Director-General of the European Anti-Fraud Office
- Incumbent
- Assumed office 1 August 2018
- Preceded by: Giovanni Kessler

Member of the European Court of Auditors for Finland
- In office 1 March 2012 – 28 February 2018
- President: Vítor Manuel da Silva Caldeira Klaus-Heiner Lehne
- Preceded by: Olavi Ala-Nissilä
- Succeeded by: Hannu Takkula

Personal details
- Born: 10 May 1959 (age 67) Luumäki, Finland
- Party: National Coalition Party

= Ville Itälä =

Finnish politician

Ville Heimo Antero Itälä (born 10 May 1959) is a Finnish politician serving as Director-General of the European Anti-Fraud Office (OLAF) since 2018. He was elected member of the Finnish Parliament (Eduskunta) from the district of Southwest Finland in 1995. Itälä served as the Minister of the Interior under Prime Minister Paavo Lipponen from September 2000 to April 2003. He was elected chairman of the National Coalition Party (Kokoomus) in 2001. Following his resignation as party leader in 2004, he was succeeded by Jyrki Katainen.
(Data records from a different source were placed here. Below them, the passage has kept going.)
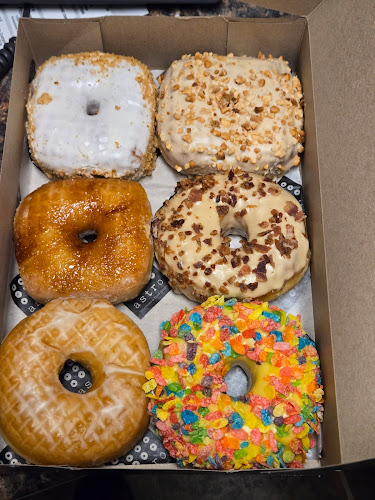 Astro Doughnuts & Fried Chicken storefront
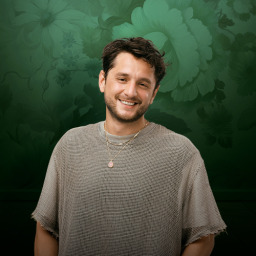 Sercan Badur as Mert Melek in Sandık Kokusu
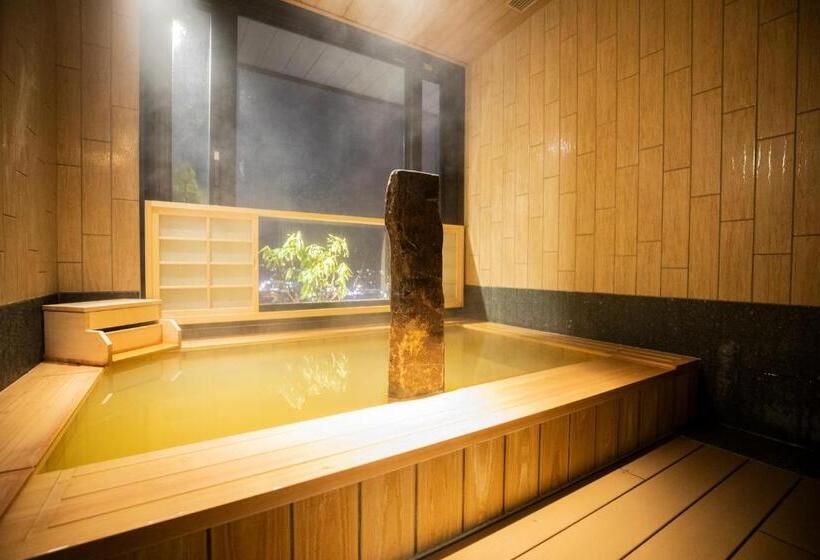 فندق La Vista Furano Hills Natural Hot Spring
Itälä was a Member of the European Parliament from 2004 until 29 February 2012. He was a member of the European Court of Auditors from 2012 until February 2018.

== European Anti-Fraud Office (OLAF) ==
Ville Itälä served as Director-General of the European Anti-Fraude Office (OLAF) from 2018 until September 2025. He was succeeded by Salla Saastamoinen, who became Acting Director-General on 1 October 2025 following the completion of Itälä’s mandate.
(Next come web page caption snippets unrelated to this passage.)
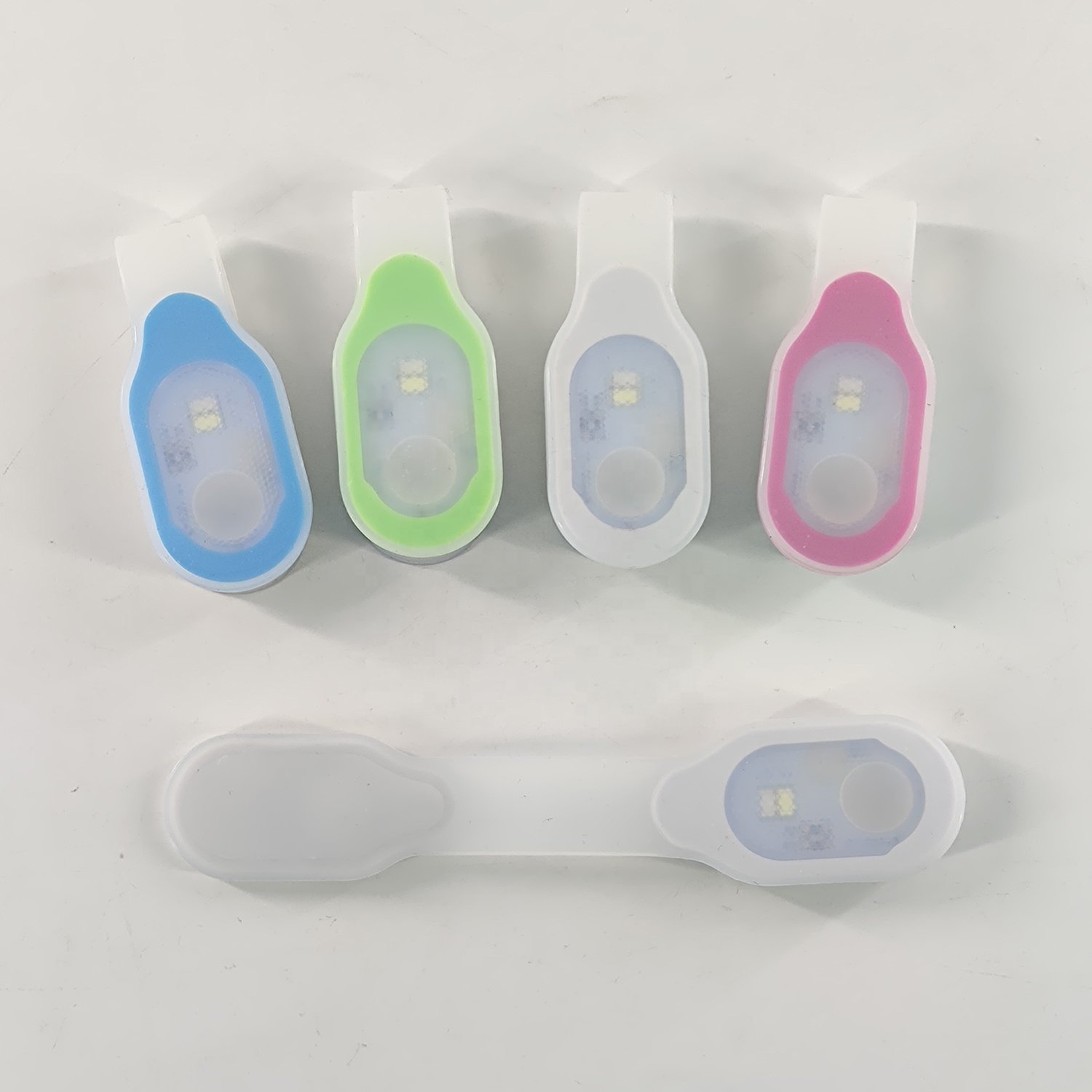 LINLI Clip On Flashlight Night Safely Nursing Night Light Hands Free Strong Magnetic To Grip Clothing For Walking Running Read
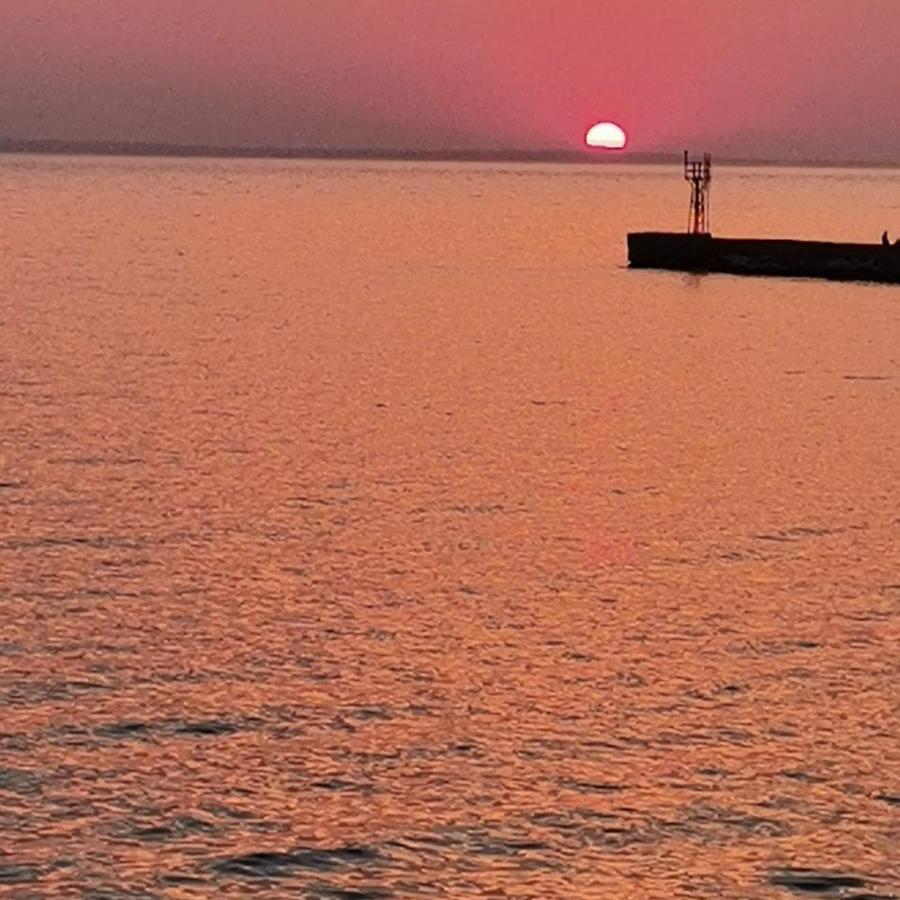 Sunset_Apartments Only 15 Meters From The Sea ネオス・マルマラス エクステリア 写真
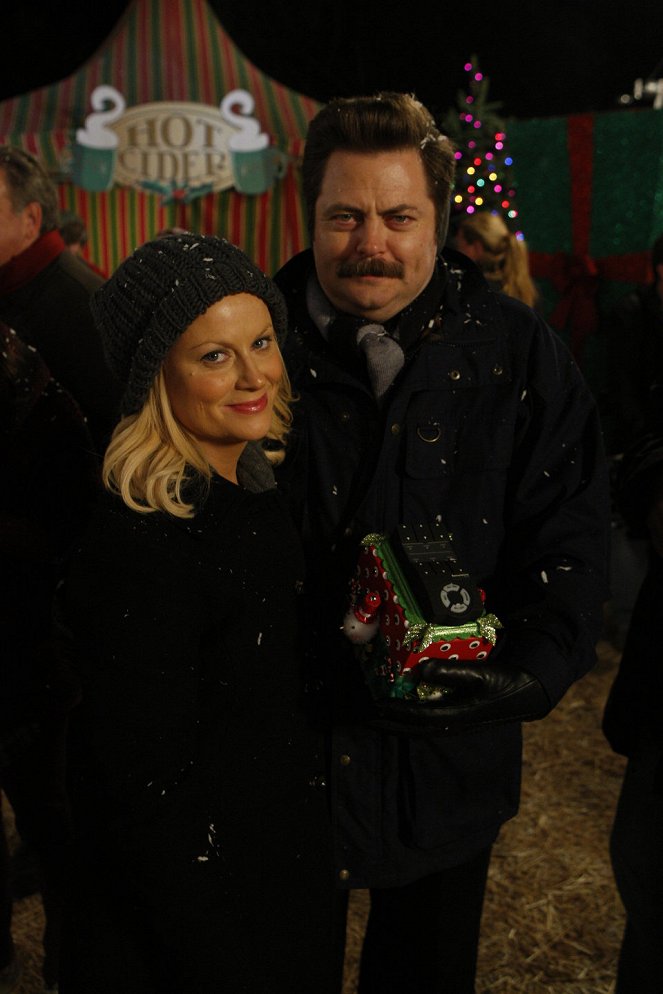 Parks and Recreation - Christmas Scandal - Promoción - Amy Poehler, Nick Offerman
== European Court of Auditors ==
Ville Itälä was a Member of the European Court of Auditors from 2012 to February 2018.

== European Parliament ==
In 2004, Ville Itälä was elected Member of the European Parliament, a position he held for eight years. During this time, he served, among others, on the Committee on Transport and Tourism and was the Deputy-Chair of the Committee on Budgetary Control.

== Finnish Executive and Parliament ==
Ville Itala was elected as Member of the Finnish Parliament (Eduskunta) from the district of Southwest Finland in 1995. Itälä served as the Minister of the Interior under Prime Minister Paavo Lipponen from September 2000 to April 2003. He was elected chairman of the National Coalition Party (Kokoomus) in 2001. Following his resignation as party leader in 2004, he was succeeded by Jyrki Katainen.

== Education ==
Itälä obtained a Master in Law from Turku University, in Finland, and a Master in Law with court training from Vehmaa District Court.